The interplay between socio-economic background and unmarried parental cohabitation: the case of France and Britain
Lidia Panico, Institut National d'Études Démographiques (INED)
Laurent Toulemon, Institut National d'Études Démographiques (INED)
The increasing proportion of births within cohabitation across most of Europe and the United States suggests that cohabitation is becoming a common setting for childbearing and childrearing. As cohabitation has increased, researchers have asked to what extent cohabitation is now “indistinguishable from marriage” or an “alternative to marriage”. Most research comparing married and unmarried cohabitation within the context of parenthood has focused on demographic behaviours to establish whether cohabitation is an alternative to marriage.
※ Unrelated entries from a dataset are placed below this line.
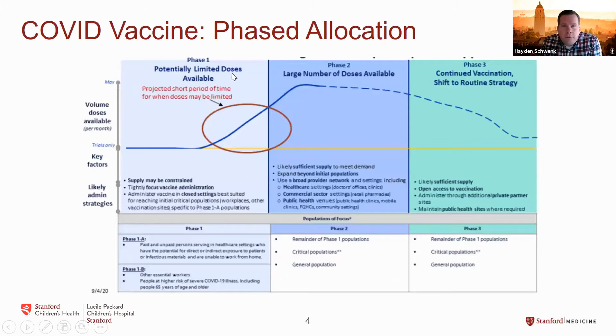In terms of vaccine allocation, because of limited supply, this will be a phased approach. During the first phase, priority will be providers working in the healthcare setting, and based on recent ACIP recommendations, also providers and patients in long-term care facilities like nursing homes — that's phase 1A. This will be followed by phase 1B, focusing on essential workers and other high-risk populations, before a larger number of vaccine doses become available to the rest of the population.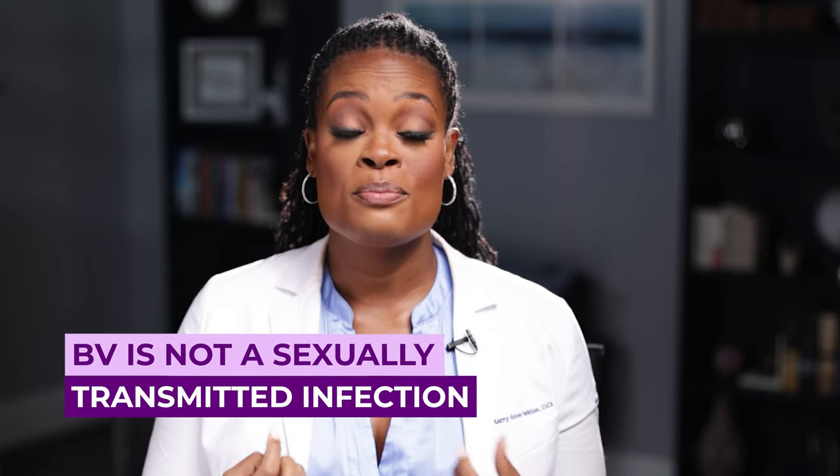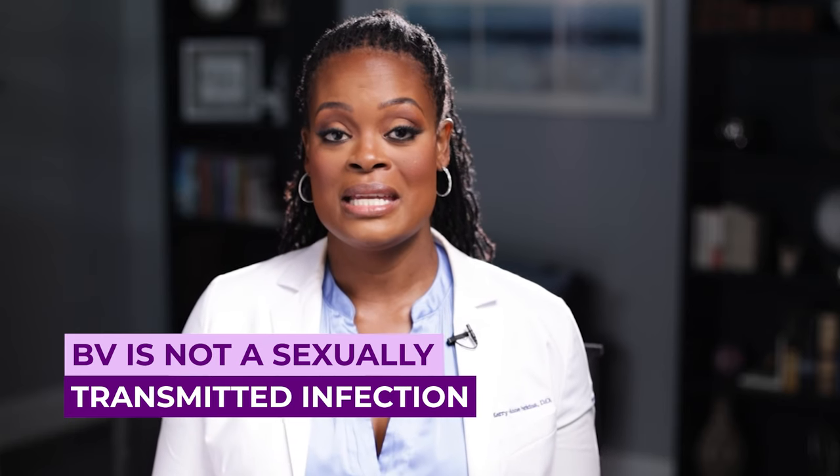I really want you to know that bacterial vaginosis, or BV, is not a sexually transmitted infection. It's also important to know that it can be passed from person to person, but it's not categorized as an STD because you can also have this infection outside of sexual activity. Things like chlamydia or gonorrhea can be passed on specifically through sex. But bacterial vaginosis can be an infection in people who are not sexually active, including children, adolescents, and others.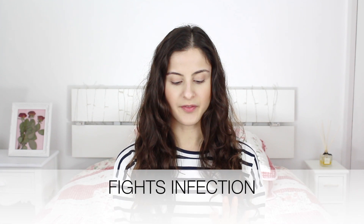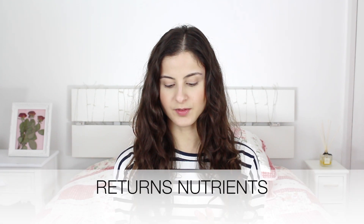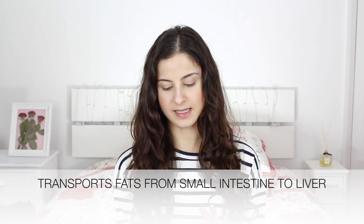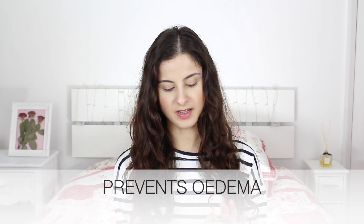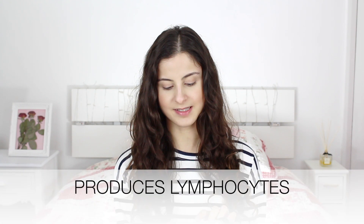The end! The reason the lymphatic system is important is because it fights infection, it returns nutrients and blood proteins back to the circulatory system, it transports white blood cells, it transports fats from the small intestine to the liver, it prevents oedema by draining excess tissue fluid, and it produces lymphocytes, which is basically a form of white blood cells.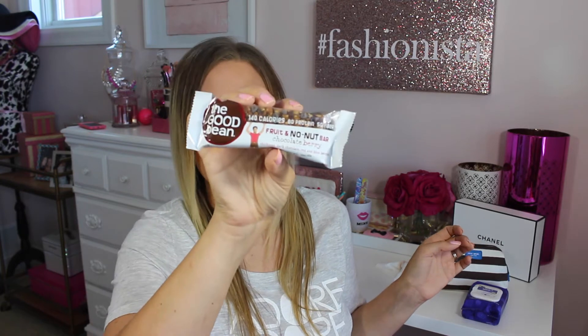Then there's the Good Bean Fruit and Nut Bar in Chocolate Berry. It's got chickpeas, dark chocolate, and blueberries — 140 calories and eight grams of protein. I've never tried anything from this company before, so I'm excited to give that a try and see what it tastes like.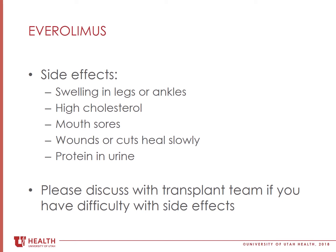Lastly, Everolimus may cause your kidneys to spill protein into your urine. In people who have normal kidney function, there should be no protein in your urine. Your transplant team will check to see if there is protein in your urine before starting this medication, and we will regularly check for protein in your urine after starting Everolimus. This concludes the Everolimus video.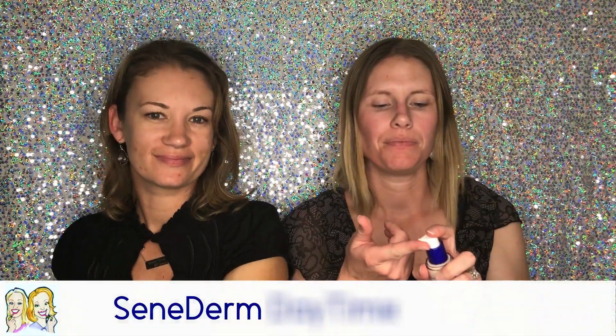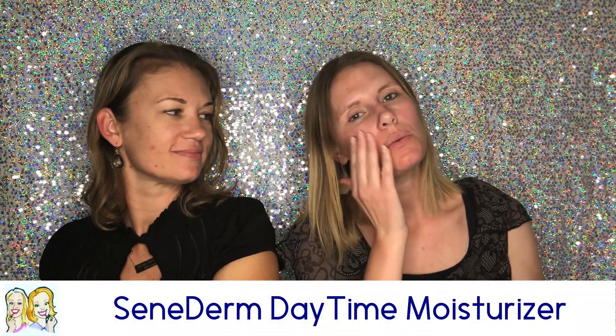Then I go right into my daytime moisturizer. This is really soft and it has Cineplex Complex in it, so not only is it moisturizing your skin, it's working on renewing your skin as well. It smells so good and it gives you protection from the sun — renewing your skin cells, keeping it nice and healthy, keeping that balance.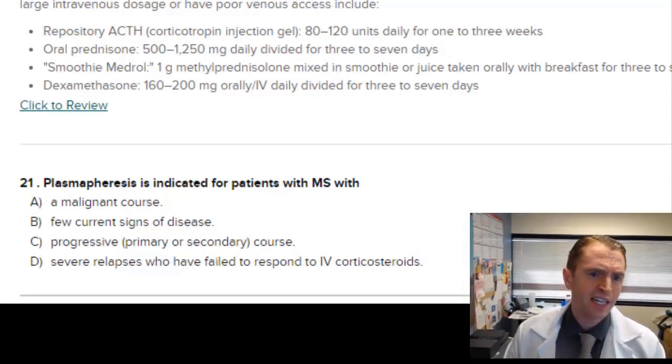Plasmapheresis is a procedure where blood is essentially filtered to remove abnormal antibodies and other inflammatory components. It's used to treat a relapse that does not respond to IV steroids. So the answer here is D.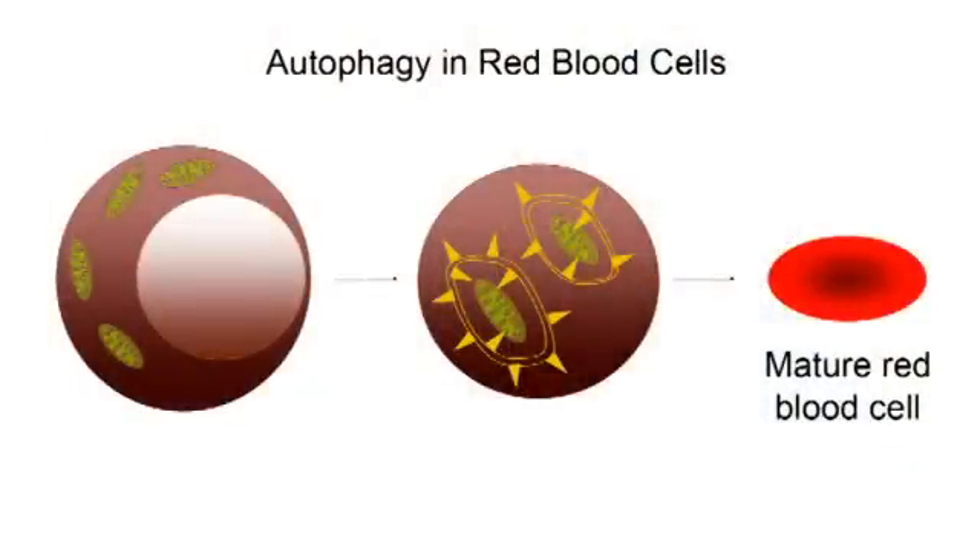Red blood cells develop from a mature cell, which just like every other cell has got a nucleus and organelles and so forth, into an empty sac which just carries hemoglobin to the different parts of the body. These red blood cells have to fit through small capillaries, and they can only do that if they get rid of all their cargo — their nucleus and mitochondria — and then will die shortly after that. But in that process they can carry oxygen to the small capillaries.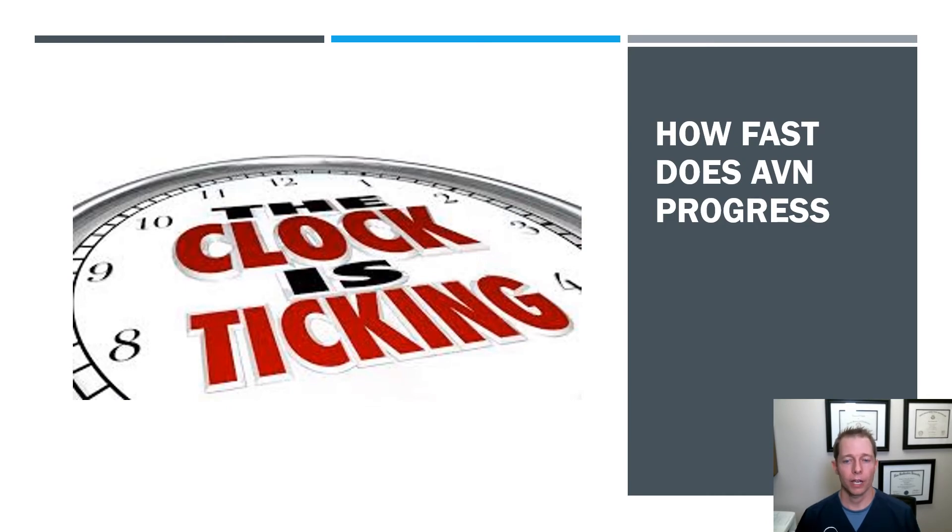So how fast can avascular necrosis progress? Progression is very much dependent on each individual person. If you look at the literature over time, usually you have a 50% chance of it progressing over a three year period. If you're asymptomatic, it progresses in about 67% of patients. If you're symptomatic, typically it progresses in 85% of patients.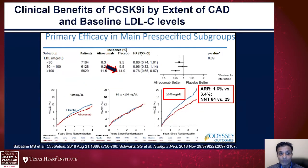From ODYSSEY OUTCOMES, patients with baseline LDL cholesterol of 100 mg/dL or higher had much higher event rates and also a much larger absolute risk reduction — 3.4% versus 1.6% for those below 100 mg/dL. When we identify these high-risk patients, the number needed to treat drops drastically, allowing us to have more impact with therapies that may not be as easily accessible and, in some cases, are very expensive.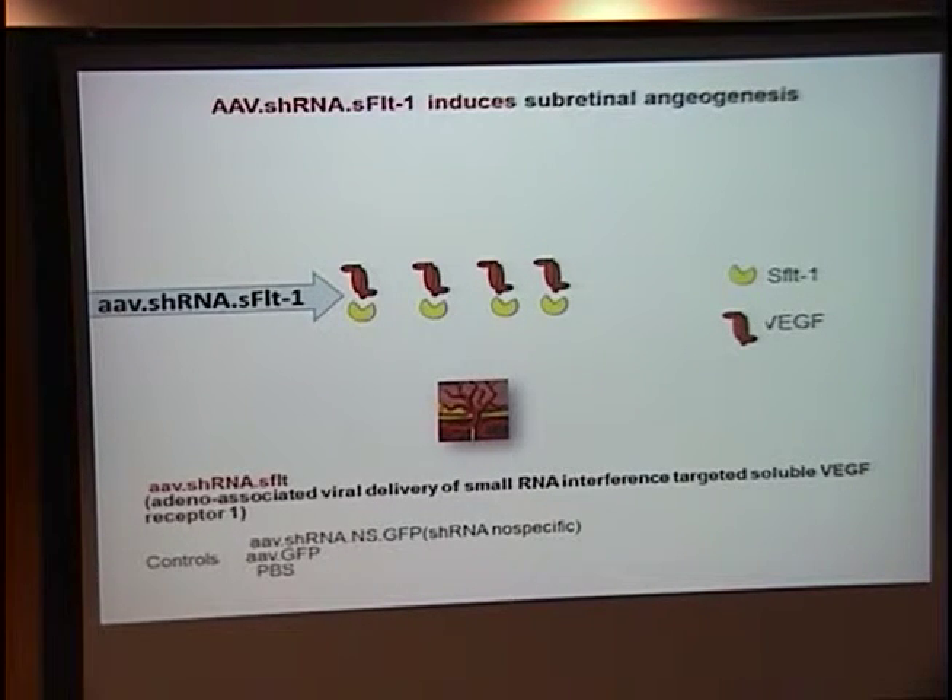We can then proceed deeper in the pathway by knocking down Flt-1 at the mRNA level. Using an adeno-associated virus — an AAV, similar to what's used in clinical trials in Leber's congenital amaurosis — we can express a short hairpin RNA, a type of double-stranded RNA that targets selective genes. Recall from medical school that mRNA is single-stranded; double-stranded RNA occurs in viruses and is a signal for cells to destroy gene transcripts, since double-stranded RNA is normally not present in eukaryotic cells. We can take advantage of this: by expressing a short hairpin RNA, a hairpin forms a double-strand, and we can trick a cell into destroying the S-flit-1 mRNA.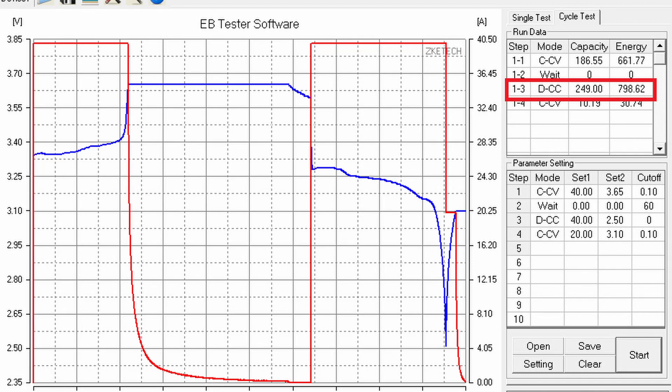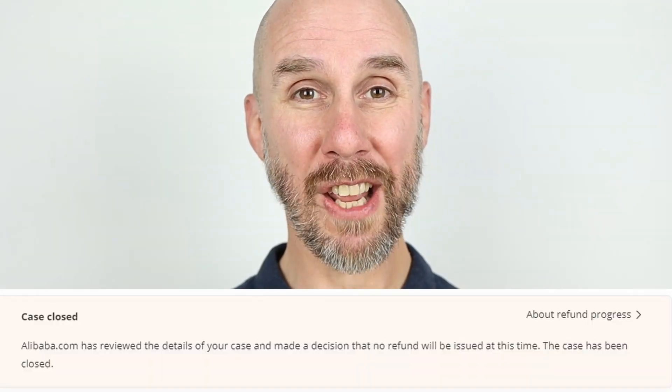I tested the second cell, which gave me similar results, then opened a dispute on Alibaba. The whole process took about a month — testing every single cell and providing all the data from my battery tester to show the capacity wasn't what was promised. I had partial refund offers throughout the dispute process, but they didn't come anywhere near reflecting the fact that these cells were nowhere near the capacity I'd paid for. I've been using Alibaba and AliExpress for years and never had a problem with the dispute process, but this time Alibaba went on the seller's side. Because I rejected all the partial offers and wanted either a full refund or replacement cells, they actually closed my dispute without any refund.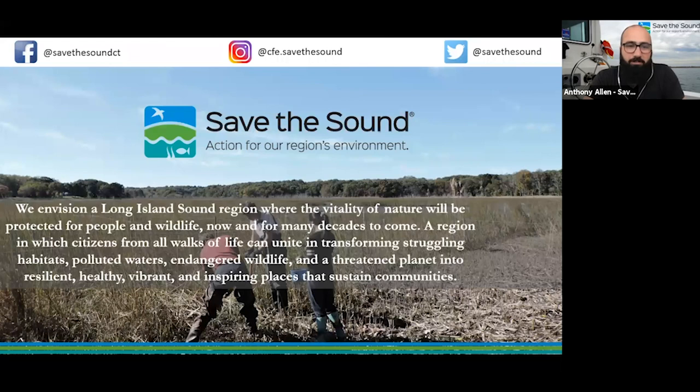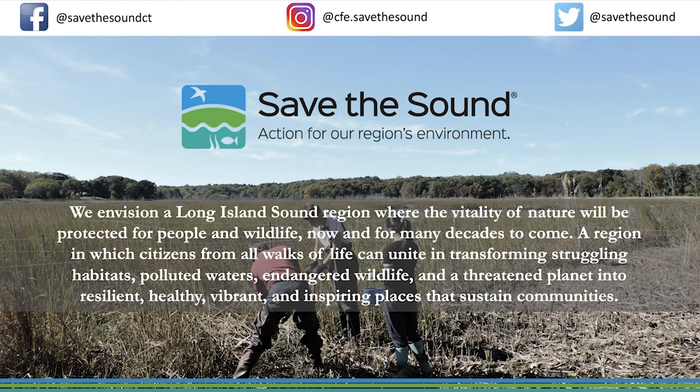With that, we're going to call it. John, we really appreciate your time and expertise — thank you for sharing with us today. Thanks to everyone who joined us. We appreciate your support in coming into these rooms and exploring these topics with us. As a nonprofit, we are not immune to the impacts of coronavirus, so if you have capacity, please consider becoming a member or donating at www.savethesound.org/donate. Until next time, thank you all very much for joining us.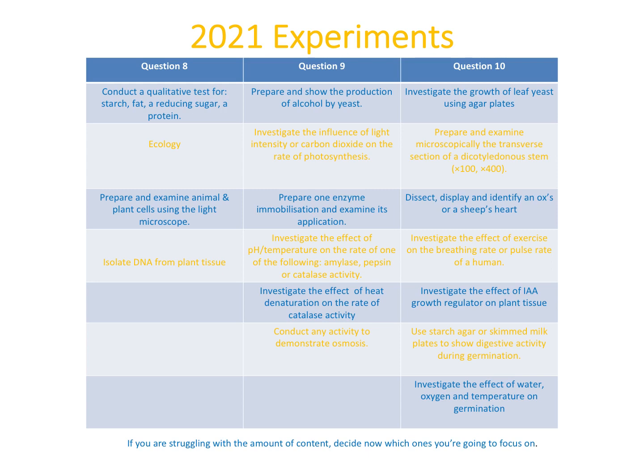For 2021, they've given us some guidance on the experiment question. Question 8 will be one of: the food tests, your ecology/habitat study, preparing and examining an animal or plant cell, or the isolation of DNA from plant tissue. Question 9 will be one of: production of alcohol by yeast, the influence of light intensity or carbon dioxide on the rate of photosynthesis, enzyme immobilization, the effect of pH or temperature on amylase/pepsin/catalase activity, the effect of heat denaturation on catalase activity, or an activity to demonstrate osmosis.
Such studies often consider family structure and behaviours in isolation of its socio-economic context. This context can in turn be affected by structural variables, such as differences in social and welfare policies. Comparing countries with different socio-economic and family policies could therefore be informative. In this paper we explore whether the interplay between socio-economic background and childbearing within a cohabiting relationship is as marked in France as it is in the UK. The aim of this paper is therefore to map out the socio-economic and living conditions of parents in France and the UK and interpret results with a comparative lens. As cohabitation is often a step within the life course (many cohabitors go on to marry, and many married couples were initially cohabitors), we use large datasets (the ONS Longitudinal Study in England and Wales, and the Enquete Famille et Logement in France) that allow us to look at parents at different stages in the lifecourse. We aim to do so by running analyses separately for parents with a first birth only to parents with more than one child. Age of entry into parenthood will also be explored as a potential stratifying variable.